▶ _Required action_:
Starting at the line with "Aetna logo with heart", return every line through the final one of the data, word for word. Pictures stay out.

▶ _Dataset excerpts_:
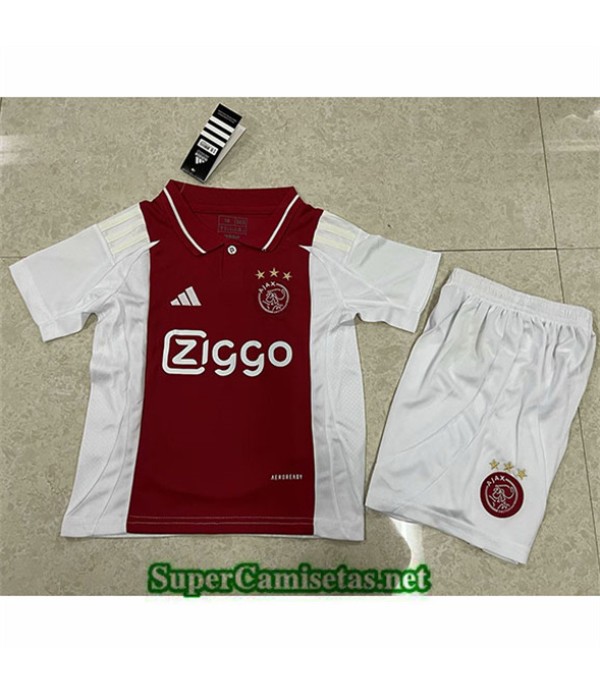 Tailandia Primera Equipacion Camiseta Ajax Niño 2024 2025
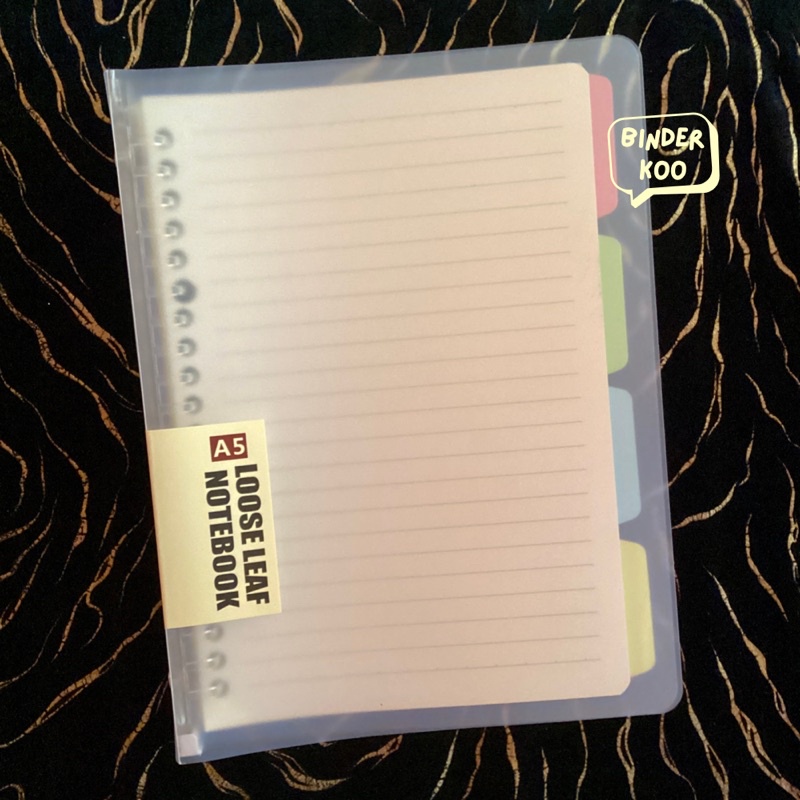 

Notebook / Binder Loose Leaf A5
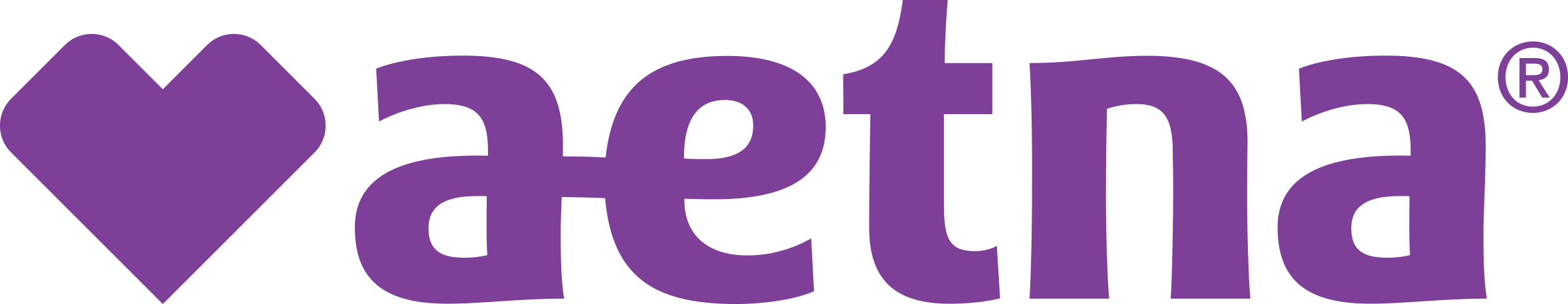 Aetna logo with heart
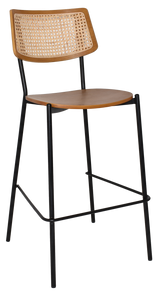 EZ STOOL TEXAS BRASS - RATTAN LIGHT OAK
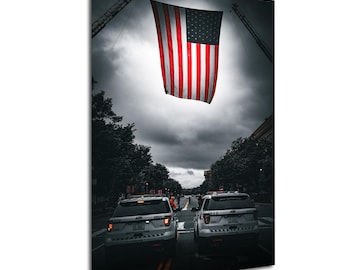 Impresión artística de la Policía de Washington DC: 4 de julio, lienzo o metal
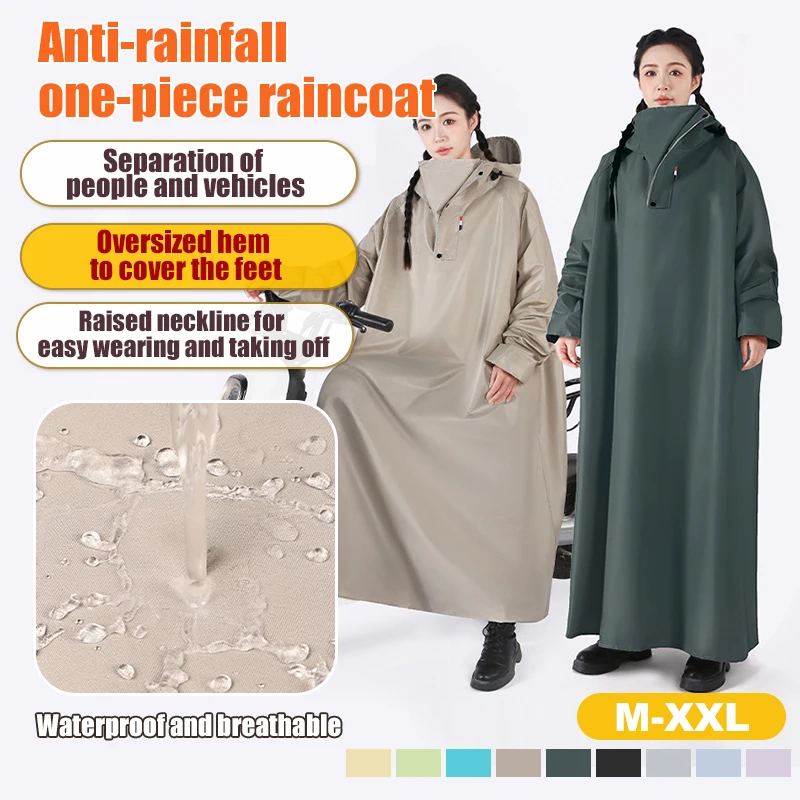 

GMY Интегрированный удлиненный толстый плащ для езды на велосипеде на открытом воздухе, универсальный плащ, мотоциклетное пончо полной длины с защитой от дождя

▶ _Written response_:
 Aetna logo with heart
 EZ STOOL TEXAS BRASS - RATTAN LIGHT OAK
 Impresión artística de la Policía de Washington DC: 4 de julio, lienzo o metal

GMY Интегрированный удлиненный толстый плащ для езды на велосипеде на открытом воздухе, универсальный плащ, мотоциклетное пончо полной длины с защитой от дождя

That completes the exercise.